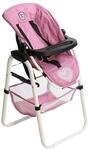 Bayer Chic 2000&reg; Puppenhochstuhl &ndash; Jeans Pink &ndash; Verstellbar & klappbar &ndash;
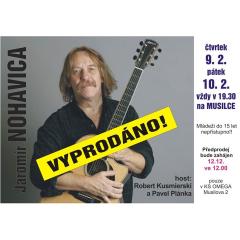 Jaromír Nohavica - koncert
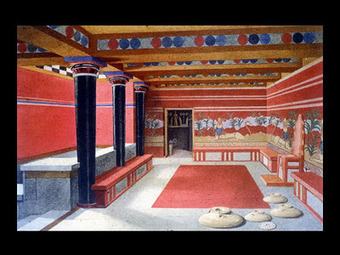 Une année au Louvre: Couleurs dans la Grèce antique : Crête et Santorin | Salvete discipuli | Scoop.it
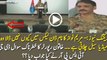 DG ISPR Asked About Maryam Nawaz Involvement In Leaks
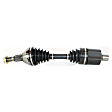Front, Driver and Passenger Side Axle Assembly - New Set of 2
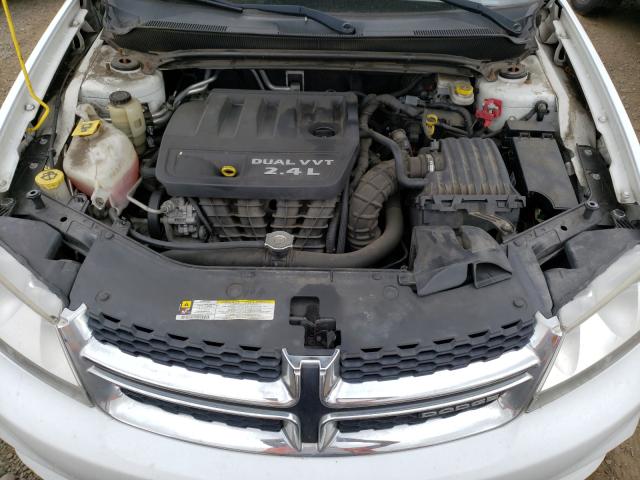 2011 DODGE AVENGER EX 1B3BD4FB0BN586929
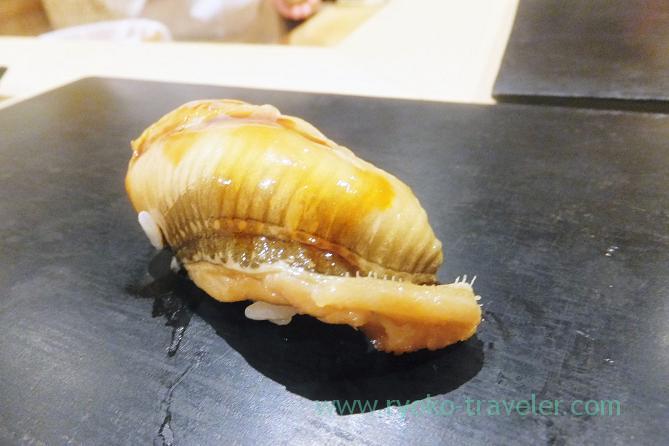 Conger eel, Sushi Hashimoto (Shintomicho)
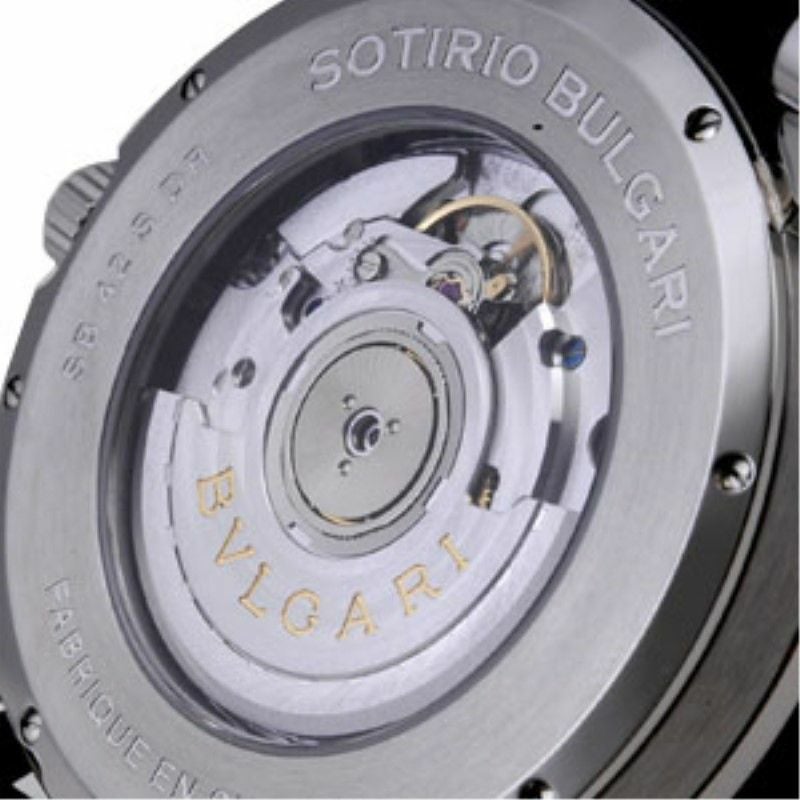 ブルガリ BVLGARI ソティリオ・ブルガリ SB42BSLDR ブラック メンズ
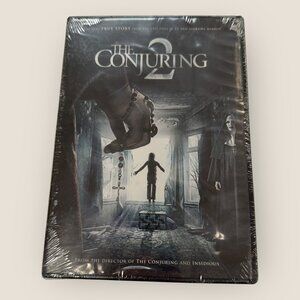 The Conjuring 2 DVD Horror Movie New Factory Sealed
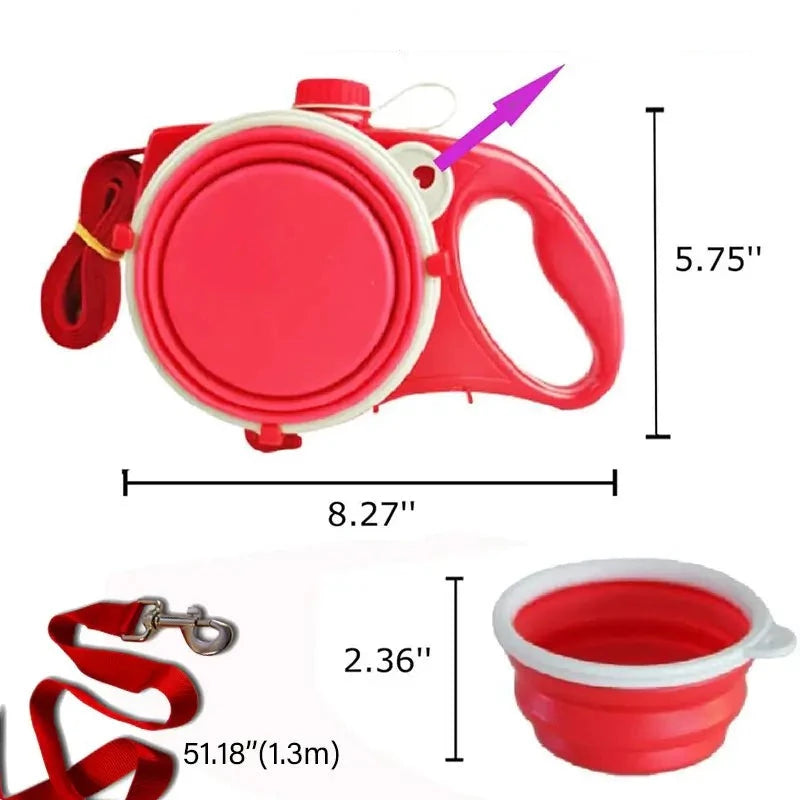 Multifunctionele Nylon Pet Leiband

—————

ACTIVITY. Nothing in the records should be changed in the copy, but the pictures must be left out.

EXPECTED ANSWER.
 Bayer Chic 2000&reg; Puppenhochstuhl &ndash; Jeans Pink &ndash; Verstellbar & klappbar &ndash;
 Jaromír Nohavica - koncert
 Une année au Louvre: Couleurs dans la Grèce antique : Crête et Santorin | Salvete discipuli | Scoop.it
 DG ISPR Asked About Maryam Nawaz Involvement In Leaks
Front, Driver and Passenger Side Axle Assembly - New Set of 2
 2011 DODGE AVENGER EX 1B3BD4FB0BN586929
 Conger eel, Sushi Hashimoto (Shintomicho)
 ブルガリ BVLGARI ソティリオ・ブルガリ SB42BSLDR ブラック メンズ
 The Conjuring 2 DVD Horror Movie New Factory Sealed
 Multifunctionele Nylon Pet Leiband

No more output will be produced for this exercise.